しかし山崎ヴォルフ、一見アクが薄く普通の青年である分、1幕でコロレド猊下と決別した後、アマデに対する恐怖が並々ならぬものであったように見えました。それまでアマデの存在を無邪気に受け入れていたのに、アマデが到底自らの意志で制御できる存在ではないと気づいたような、そんな感じです。
それから、山崎ヴォルフは情感たっぷりで、悪夢を見て父親を喪い狂乱する場面での狂いぶりが凄まじかったです。そして、最終的には決別してしまったけれどコンスタンツェのことも普通の青年・ヴォルフとして心から愛したのだ、という気持ちも十分に込められていました。
ただ、そんな普通の男の子が、何故アマデとのああいう結末を選ばなくてはならなかったのか?という点は、井上ヴォルフの方が説得力を持って伝わってきた、と思います。

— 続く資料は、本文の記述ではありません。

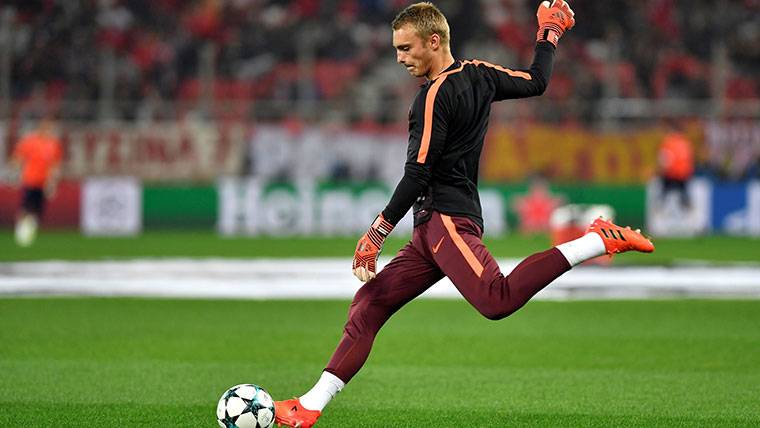 Cillessen, without distractions: “My ambition is to play in the Barça”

山崎ヴォルフのどこがどう、というのではありませんが、これは4演目の井上くんの方が有利な立場にあるのかも知れません。

璃七アマデも今期の新キャスト。初日に観た亜美アマデはヴォルフを睨み付ける時の目力が凄まじかったですが、璃七アマデは全身からにじみ出る子供らしい無邪気さと理不尽さとが同居しています。その無邪気で理不尽な「才能の化身」が2幕でヴォルフを絞め殺そうとする場面が本当に怖くてたまりませんでした。しかも璃七アマデ、あまり表情の起伏がないのでそれでまた恐怖がいや増したりして。
でもトークショーでの吉野さんの解釈では、その後に男爵夫人の幻影を導いてヴォルフの精神的自立を促すのもアマデだそうです。あまりそう言う風に考えたことはなかったですが、実は自分的に初見の時から「アマデって一体何だろう?」という疑問を抱き続け、5年後の現在もなお結論が出ないままでいます。ヴォルフという人間の一生を狂わせた存在であると同時に、並々ならぬ絆で結ばれた相思相愛な存在?とも思いますが、その解釈では足りないような気もしますし。考える程に難しいです。

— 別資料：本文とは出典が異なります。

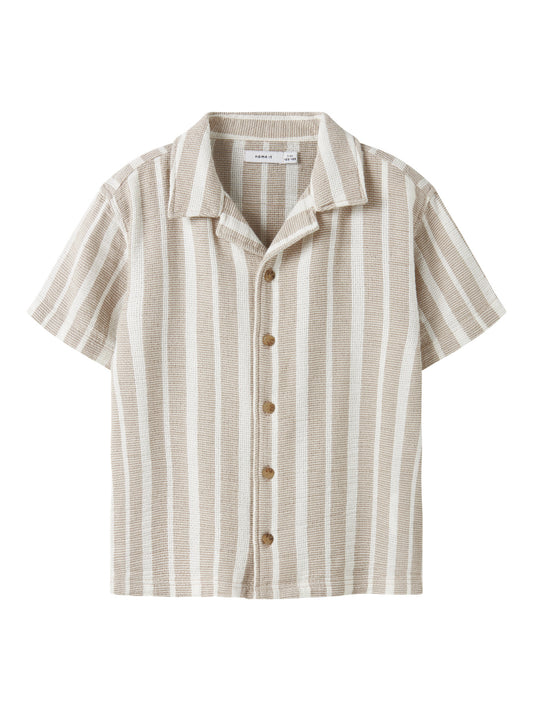 Snygg beige och vit randig kortärmad skjorta till pojke. Sval sommar skjorta till kille barn och ungdoms kläder i ekologisk bomull från Name it.
NKMFOKO SS NREG SHIRT
13240150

そして香寿男爵夫人。涼風さんの夫人がどちらかと言えば男前だからかも知れませんが、私は香寿夫人には「母性」を感じました。若い男の子であるヴォルフにひたすら温かく優しい夫人なので、下心があるんじゃないか?という見方もできそうですが、自分の場合は初見の時からあまりそうは感じたことがありません。あの包み込むような歌声、好きです。でも涼風夫人の凛とした歌い方も好きなので甲乙付けがたいものがあります。

由美子ナンネールは時々声が枯れ気味な所がありました。ただ、マチネを観た方の感想によればマチネではもっと不調が目立っていたようなので、ソワレではだいぶ盛り返していたのではないかと思います。何だか今期のナンネールは、色々と挫折し、唯一賭けていた弟への愛もすれ違い、諦めまくった感が殊の外漂っています。
パパとナンネールの愛情は本当に重たいです。天才の息子(弟)のために色々諦めて全てを賭けてきて、それでいて物質的な見返りを求めずひたすら精神的なものを求めるから*1、なお重く絆がヴォルフにのしかかるのだと、今期は特に感じます。いっそウェーバー一家のように寄生虫になってくれたなら、ヴォルフはどんなに楽だろう、と。迷惑な存在で生活こそ脅かされますが、遠慮無く文句を言えますし。
でもヴォルフはその絆から逃げたい、とは決して思っていなくて、才能(アマデ)と野心(ヴォルフ)に忠実に生きた結果、家族を傷つけてしまっただけ……というのが肝心の家族には伝わっていないので、観ていて本当にもどかしくて辛いです。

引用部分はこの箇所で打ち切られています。